Dobbiamo fare un’osservazione: nessuno gli aveva richiesto un pane per la vita eterna; è lui che la introduce come una cosa ovvia, quasi aspettata e desiderata. Così Gesù va al nocciolo della questione. Gli uomini si accontentano di sopravvivere con il pane quotidiano, ma nel momento che questo non è più sufficiente per non morire, si impone una domanda: c’è un altro pane che può dare una vita che non viene mai meno, una vita pienamente realizzata, non sottoposta alla caducità e alle limitazioni della fragilità umana?
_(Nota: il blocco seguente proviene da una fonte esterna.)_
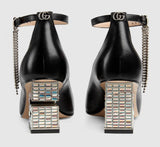 Mid-Heel Pump with Crystal G Heel, Black | DESIGNER INSPIRED FASHIONS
La risposta che Gesù dà è chiara: non c’è un pane materiale in grado di donare questo tipo di vita, ma c’è una persona che può farlo, e questa persona è lui stesso; infatti la sua provenienza non è dal mondo presente, ma da un altrove dove la vita è un dato di fatto ovvio o indiscusso, perché non subisce limitazioni.

E’ quel pane che, come dice la prima lettura, preserva Elia dalla morte, dal desiderio di morire, da quell’offuscamento del valore della vita, che lo porta a concludere che ha fallito, che non vale più proseguire a lottare contro poteri predominanti. Dio gli offre un pane, perché il viaggio è lungo. Quel pane non gli dà la forza per combattere, ma per arrivare finalmente al monte di Dio, dove lo incontrerà, non come un potente, che si impone con la forza, ma come una brezza soave, che ristora.